A parade down the town’s main drag kicked off the festivities on Nov. 14. Post 154’s color guard led dozens of floats and vehicles manned by members of local businesses, organizations and residents.
Tybee Island native Jimmy Carter said he jumps at any chance he gets to give back to the community, serving as a member of Post 154’s color guard. With the hope of honoring veterans of all generations, Carter carried the colors during the parade.
“I owe it to my brothers,” he said with tears in his eyes. “When I was in Vietnam I said I would always honor them in any way I can. I carry that flag for them.”
After the parade, Carter put on his father’s World War II uniform to also honor him. As Carter’s father progressed in age, the two hoped Jimmy would be able to wear his father’s uniform and share that legacy with their family and others. Although Carter served in the Marine Corps and his father served in the Army, he said it meant a lot to have the opportunity to wear his father’s uniform while he is still around to see it.
Carter and other local veterans joined the Tybee Salutes Heroes participants at the Tybee Island Veterans Memorial where the parade concluded for a program honoring all war eras and each military branch. He expressed how much it meant to the townspeople to share the experience with the attendees and their families.
“We are still tight,” Carter said. “We still believe in each other and there is nothing we value more than our American citizens. We will do whatever we can do for them. ”
Later that evening, the post opened their doors to the Tybee Salutes Heroes participants and their families for a potluck with members of the Legion family. A staple in the community, the post has become a place where everyone comes together every day – not only on the days when people are in need. People at the post often gather there to uplift each other, celebrate and fellowship with each other.
“Our Legion really stepped up and made this happen,” Buelterman said. “Without the Legion, this would not have happened. They do wonderful things for the people here on Tybee, and they continue to also do things for people that don’t live on Tybee. They do great things in our community, and we are incredibly proud of them.”
For attendee Shamekia Wade, an active-duty soldier stationed at Ft. Stewart in Hinesville, Ga., she was grateful for the opportunity to spend time with her daughter.
“It is hard balancing my family and my life at work,” she said. “I appreciate the opportunity to have time away from everything to spend with my daughter. I don’t get to have as much quality time as I would like because my job is very demanding. It means the world to us to rekindle our bond – especially now – she is getting older and developing into a young lady.”

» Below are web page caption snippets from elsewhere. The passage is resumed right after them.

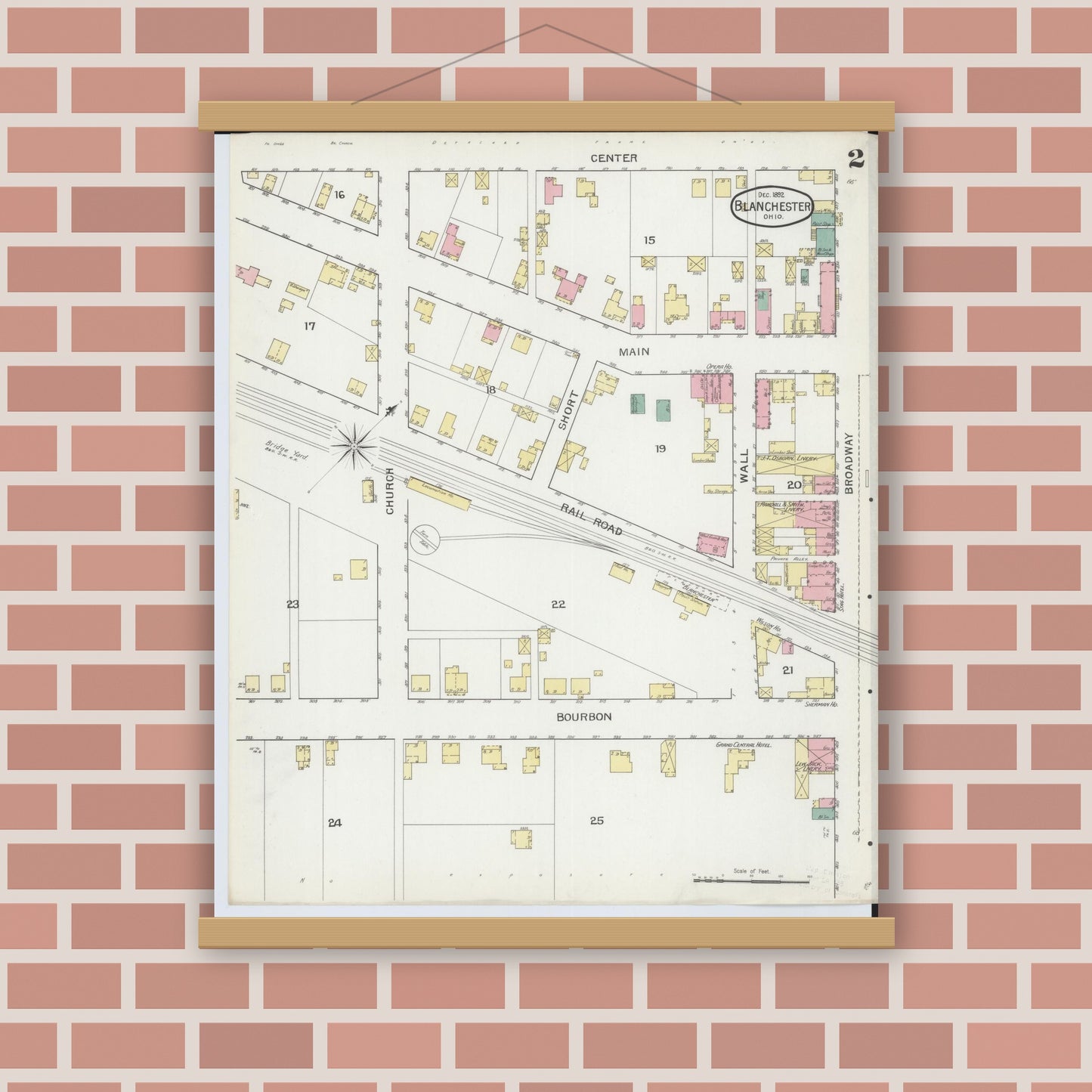 Old map wall art mockup — magnetic wood frame on brick wall — Sanborn Fire Insurance Map from Blanchester, Clinton County, Ohio (1892), Sheet #0002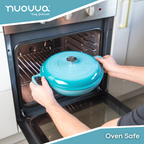 Light Blue Shallow Cast Iron Dutch Oven Casserole Pot - 3.9L - 30cm by Nuovva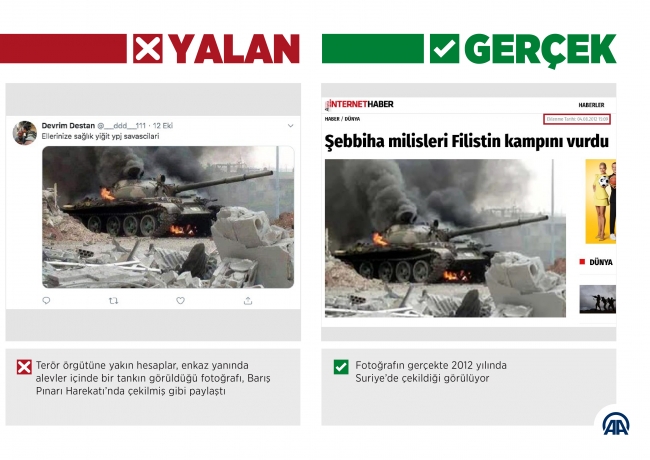 Barış Pınarı Harekatı aleyhine "yanan askeri araç" fotoğraflarıyla manipülasyon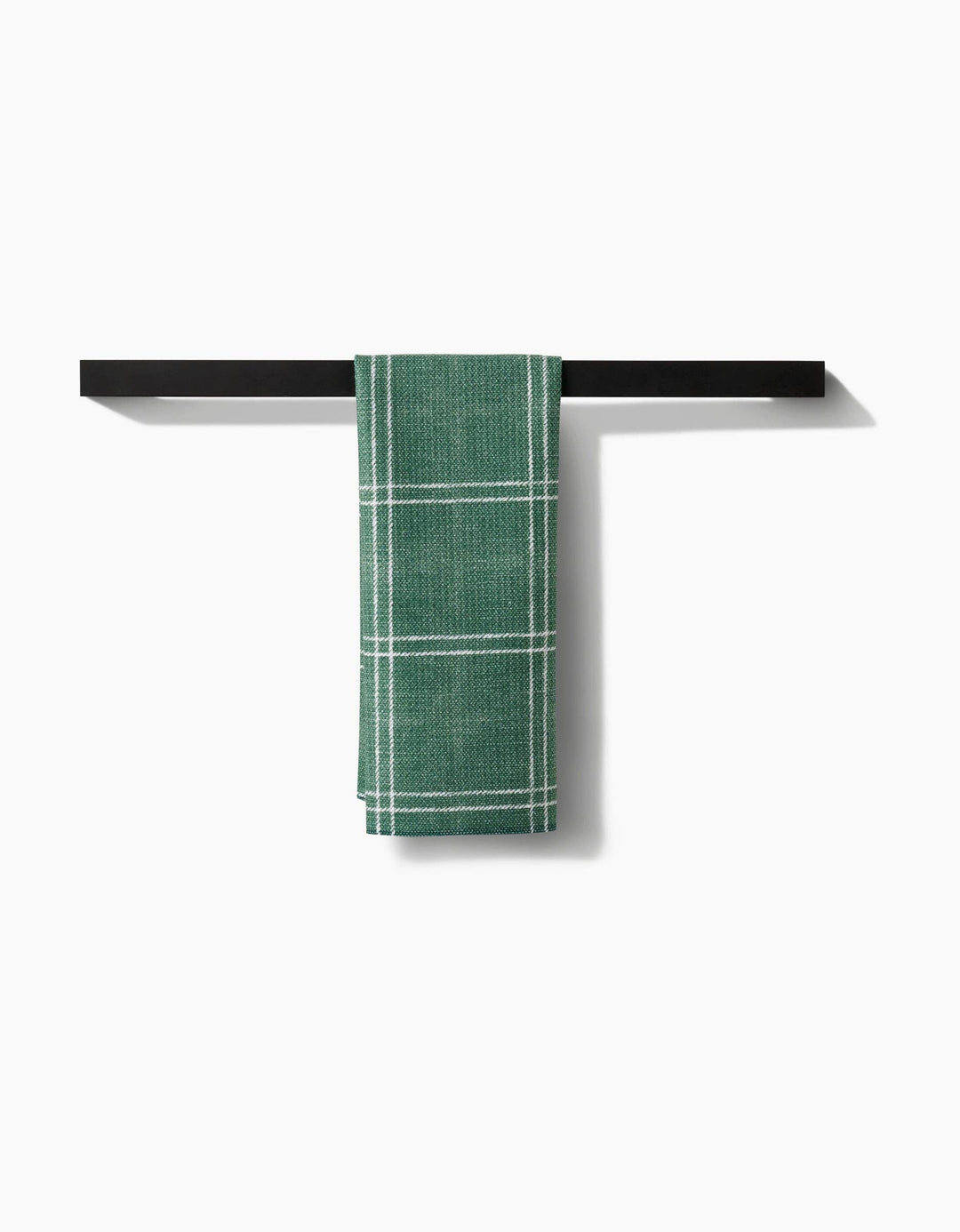 forest green and white plaid tea towel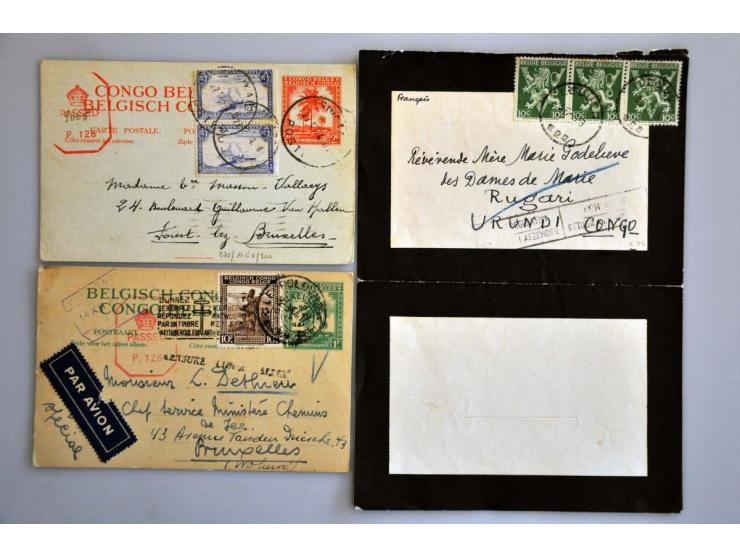 Belgisch Congo 1940-1946, 11 poststukken van/naar buitenland w.b. violet Communication interrompu BPA 10 Köln-Deutz (briefkaa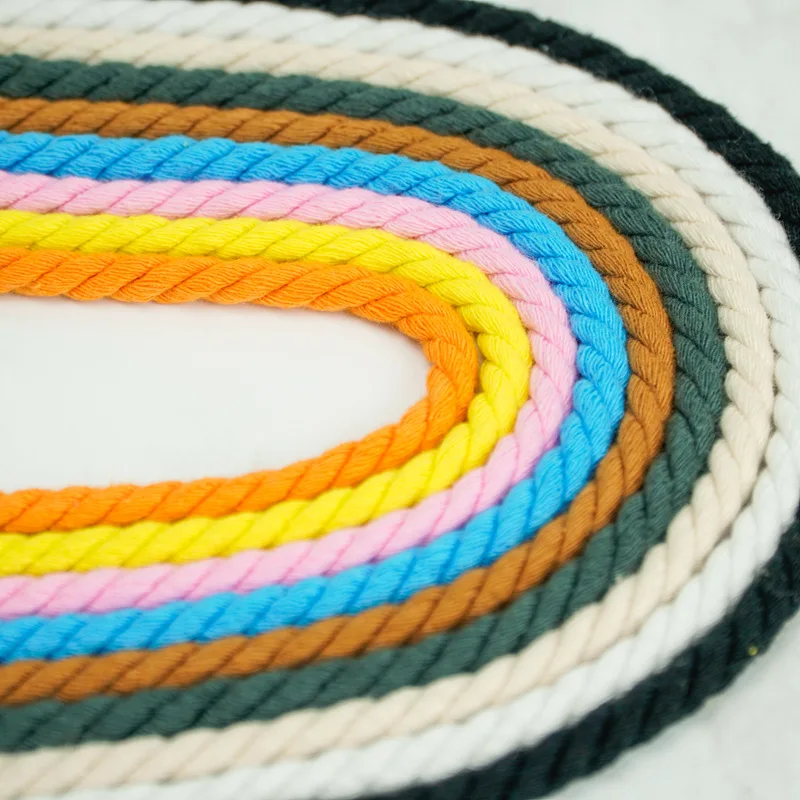 custom 100% nature color  2 strands 6mm Cotton Braid Shoelaces twist rope rope  shoe laces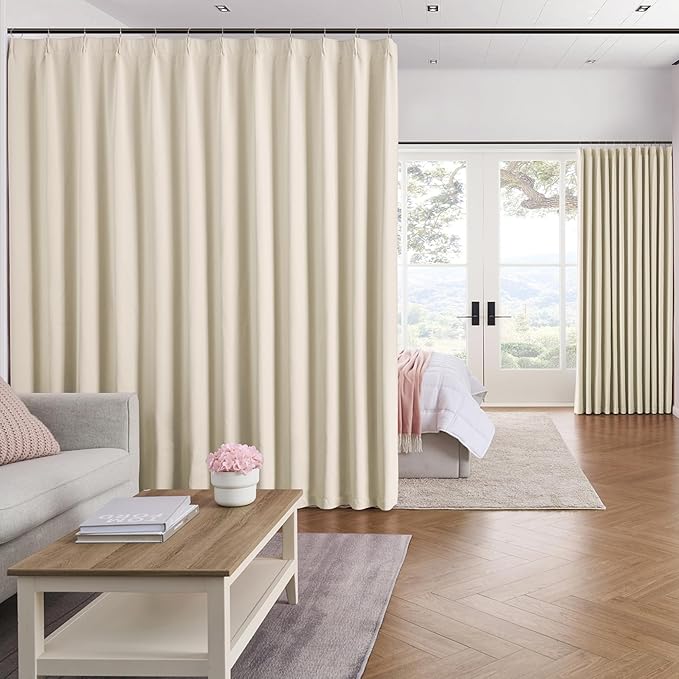 KEQIAOSUOCAI Pleat Patio Sliding Door Curtains 100 Wide x 90 Long Cream Beige Drapes 2 Panels Room Divider Curtain,Wide Width Thermal Insulated Room Darkening Window Treatment for Living Room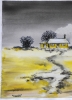 Canadian Prairie , water colors on cold press paper, 9x12, inch, 23x30,5 cm SKU 4004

Sharon Shaver, one of the event coordinators and a member of the Legion’s Auxiliary, said the event was a great opportunity to introduce the younger veterans to the Legion to make them aware of the programs and assistance available to them.
“I would love to see a lot more young people join the Legion,” she said.
As the veterans slowly filed out of the post after the event, some carried Legion applications with them and others left in good spirits, but they all truly felt appreciated for their service and the commitment they made to support and defend their country.
Looking back on the event, which nearly tripled in size since last year, Shaver said he hopes that other cities across the nation will implement similar events.
“It is very important to honor our troops and our veterans – no matter how long they served,” she said.